I’ll just come out and say it. Kingsman: The Secret Service is one of the worst movies I have ever paid money to see in a theater. I honestly did not expect much out of it. The trailers did nothing to lead me to believe it was going to be great but on the other hand it is directed by Matthew Vaughn who previously has delivered some excellent work (Layer Cake, Kick-Ass and X-Men: First Class) and has a cast featuring Colin Firth, Michael Cain and Samuel L. Jackson. Mark Hamill even appears in a supporting role. That’s a lot of heavyweight talent. It's definitely enough to give any movie the benefit of the doubt going in. Well, I hope they all got paid in advance and got paid a lot.
I’ll give Firth and Cain a little bit of a pass, they did what they could considering what they had to work with. But what the hell was Sam Jackson thinking? Not only does he spend the entire film speaking in the worst lisp in the history of lisps but he’s also dressed like a 60 year old Steve Urkel had a mid-1990s Nike catalog vomit all over him. It’s painful to watch.

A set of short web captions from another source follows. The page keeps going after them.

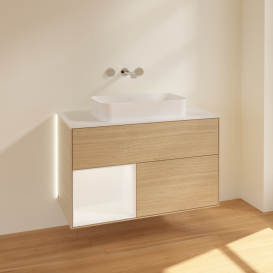 Тумба під раковину Villeroy & Boch Finion 100х50,1 см із підсвічуванням МДФ шпон дуба/скло біле матове G651MTPC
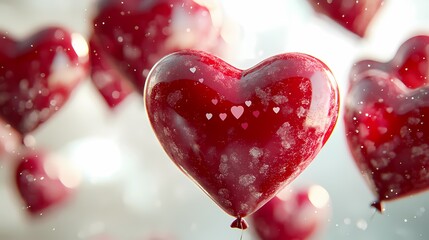 A set of red heart-shaped balloons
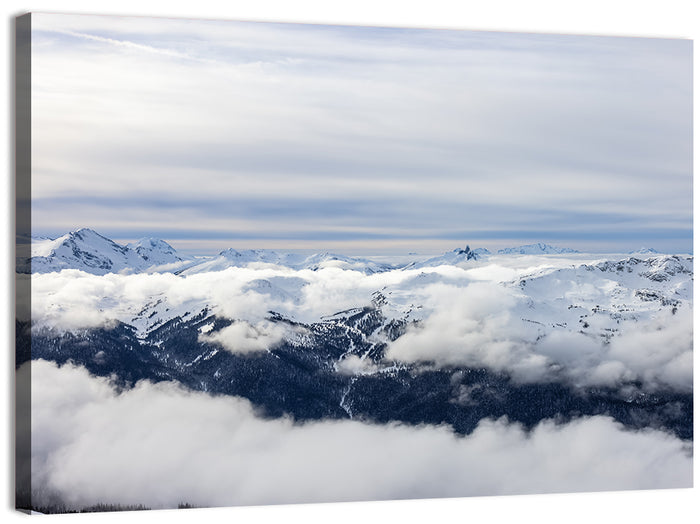 Snow-capped Whistler Peaks Wall Art as a canvas print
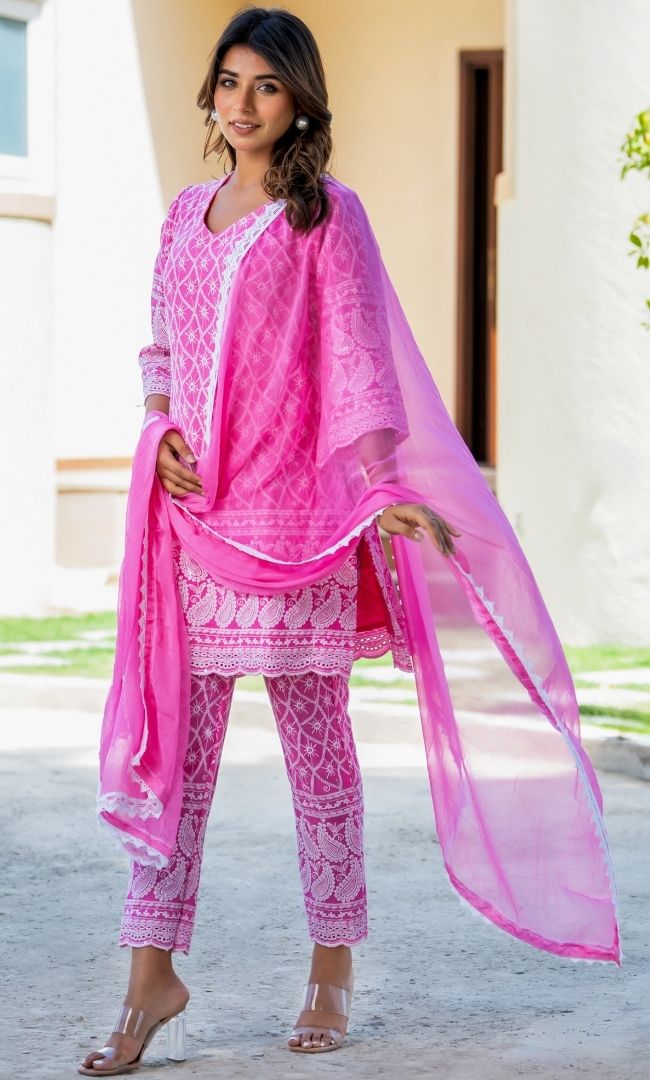 Neon Pink Chikankari Kurta Pant  Set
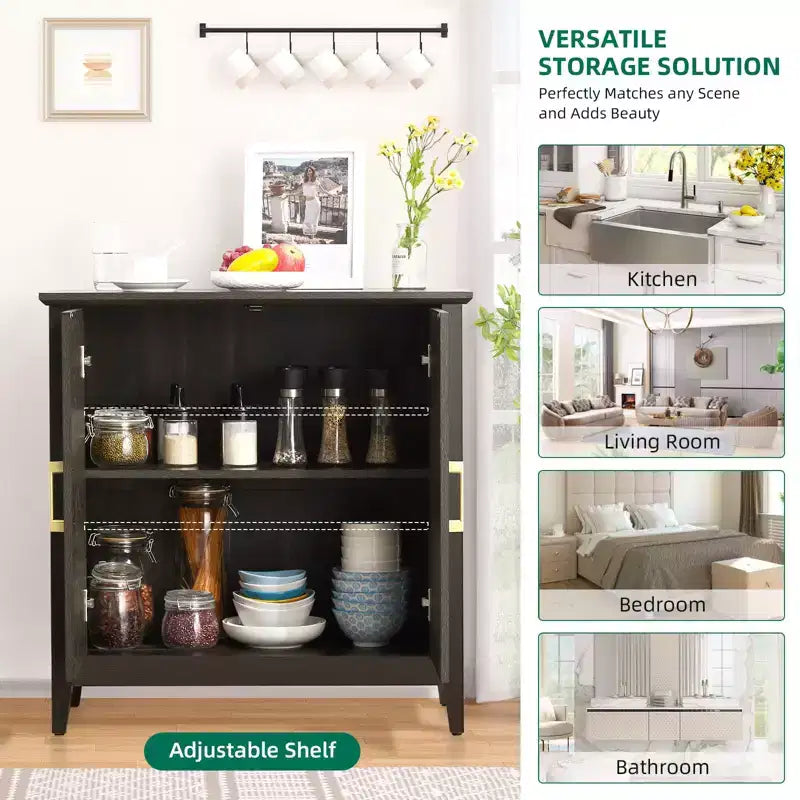 Credenza con Mobile Contenitore, Mobile Contenitore Moderno con Ripiani Regolabili, Tavolo Consolle per Cucina Sala da Pranzo Ingresso, Nero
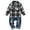 Grey Plaid, variant on WESIDOM Toddler Boy Clothes Long Sleeve Collar Plaid Shirts Jacket Ribbed Jeans Pants Sets 1-6T Boys Fall Outfits
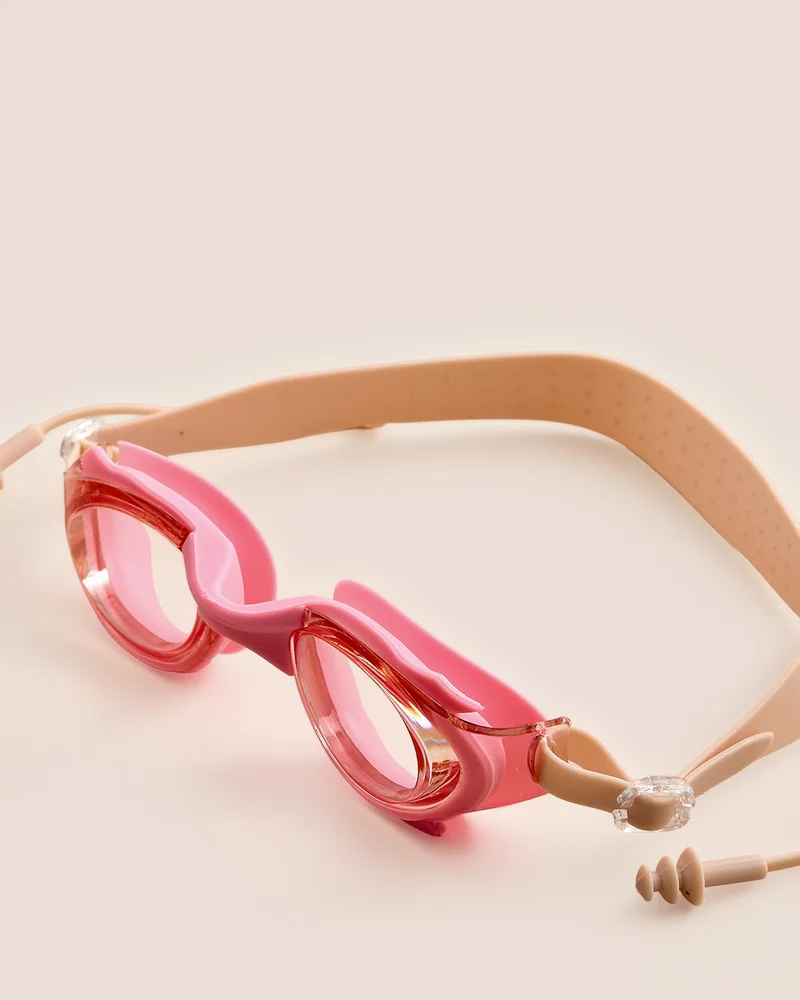 REDTAG Kids Pink And Beige Swimming Goggles With Earplugs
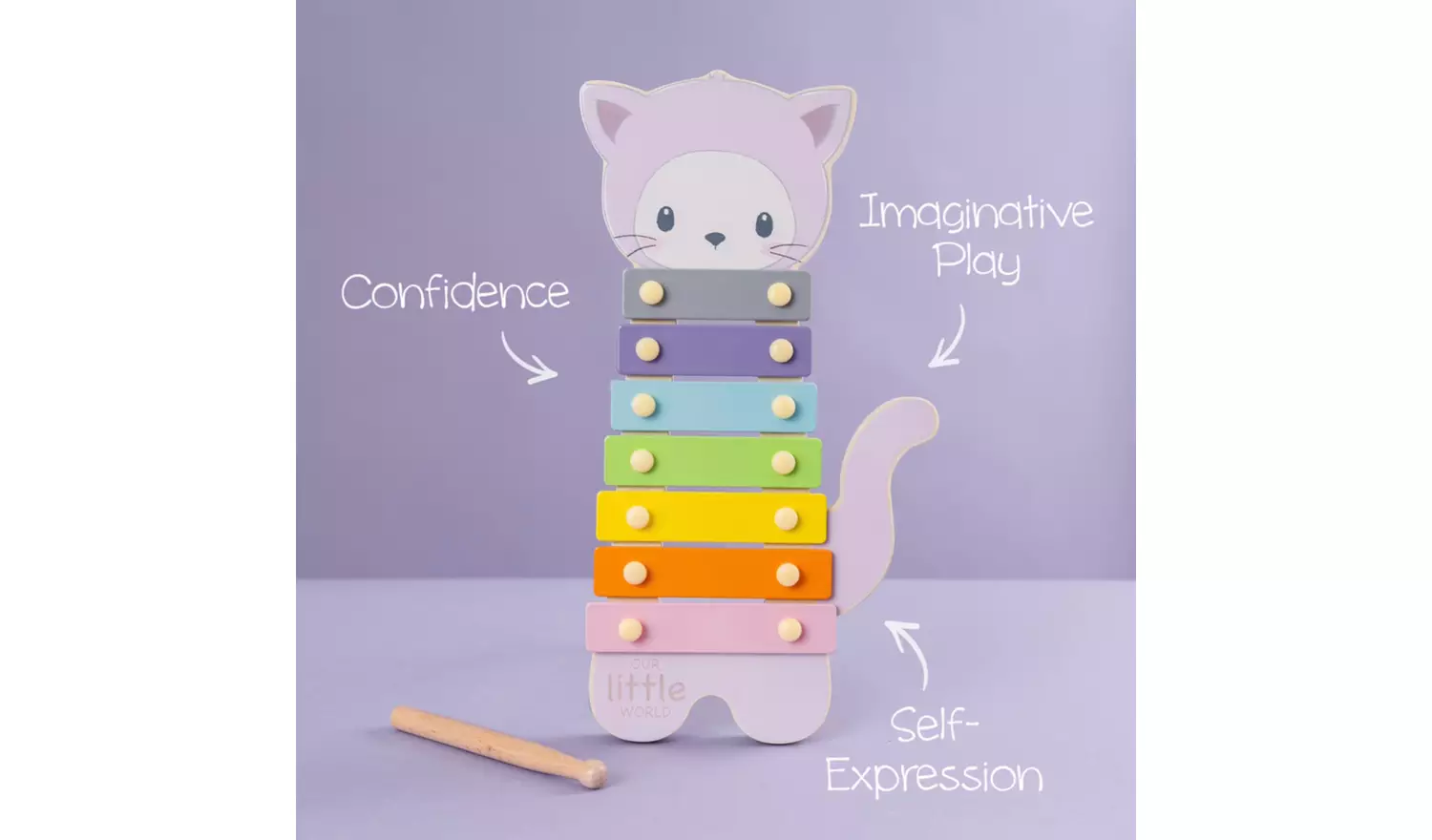 Our Little World Wooden Sensory Cat Xylophone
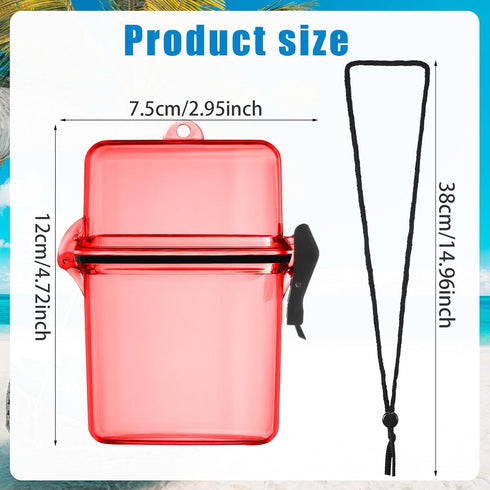 Outus 3 Pieces Waterproof Case ID Card Holder with Floating Sports Case Locker with Hanging Ring and Rope (Clear Blue Red,4.72 x 2.95 x 1.57 Inch) by Outus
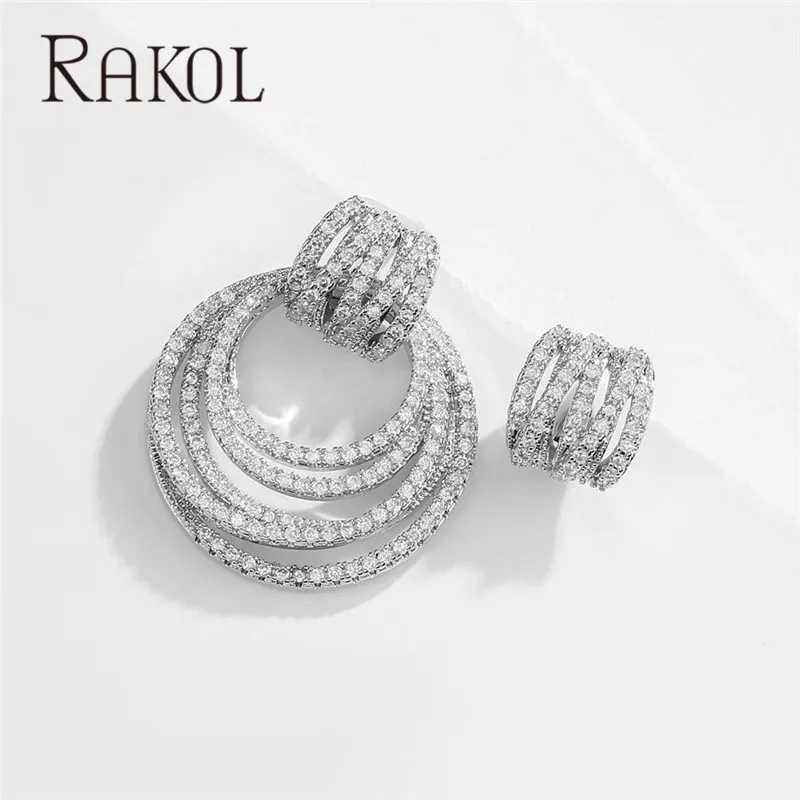 Женские многослойные серьги с фианитами RAKOL многослойное ювелирное украшение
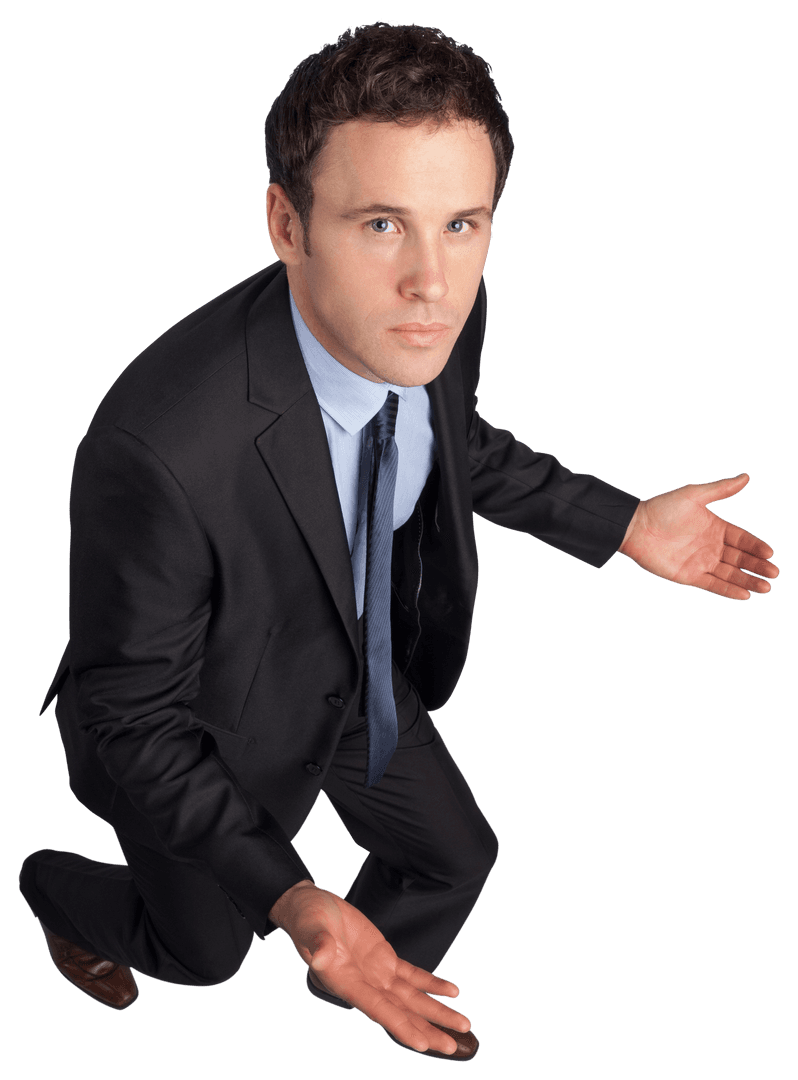 Transparent Businessman Gesturing with Curiosity in Suit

Kingsman is a spy-action-comedy that goes out of its way to tell you that this is not your father’s James Bond spy movie. Vaughn takes every opportunity to club the audience to death with how fun, hip and cool his movie is trying to be by satirizing the genre. Hey kids! Look how cool I am! My ‘Bond Villain’ is a hot chick with prosthetic legs that turn into swords when she goes all Crouching Tiger on some fools ass! If Kingsman had been made as a spoof, a lot of this could have worked. Instead it’s trying to be cool and comes off completely flat and stupid. The over-hyped music and editing during the action sequences is more suited to a low budget rap video.
|"I knew you were gonna do it.|
Enough with the snakes on a plane
The film opens with a quick (and I mean quick) first act that is followed by a second act the eats up the bulk of the film. Vaughn spends roughly 90 minutes of the film's 129 minute running time on the second act. It is exhausting. The final act isn’t much better but at least it has the decency to be over quickly. Relative newcomer Taron Egerton plays the young hero of this train wreck but I can hardly place the blame on him. Sure his performance is devoid of any expression or emotion but at least years from now if he manages to have a good career he can sweep this one under the rug and play the ‘it was my first big break’ card.
What I really can’t wrap my head around is that Matthew Vaughn dropped out of directing X-Men: Days of Future Past in order to work on this thing. It must have been the lure of working with the team from Kick-Ass again. Mark Millar is highly respected in the comic book world having written for Marvel as well as creating Kick-Ass and The Secret Service, which served as our source material here. The formula worked like magic on Kick-Ass, which I loved. It does not work for Kingsman, at least not for me. I’m sure some people will like it. There is an ass for every seat, as a friend of mine once said.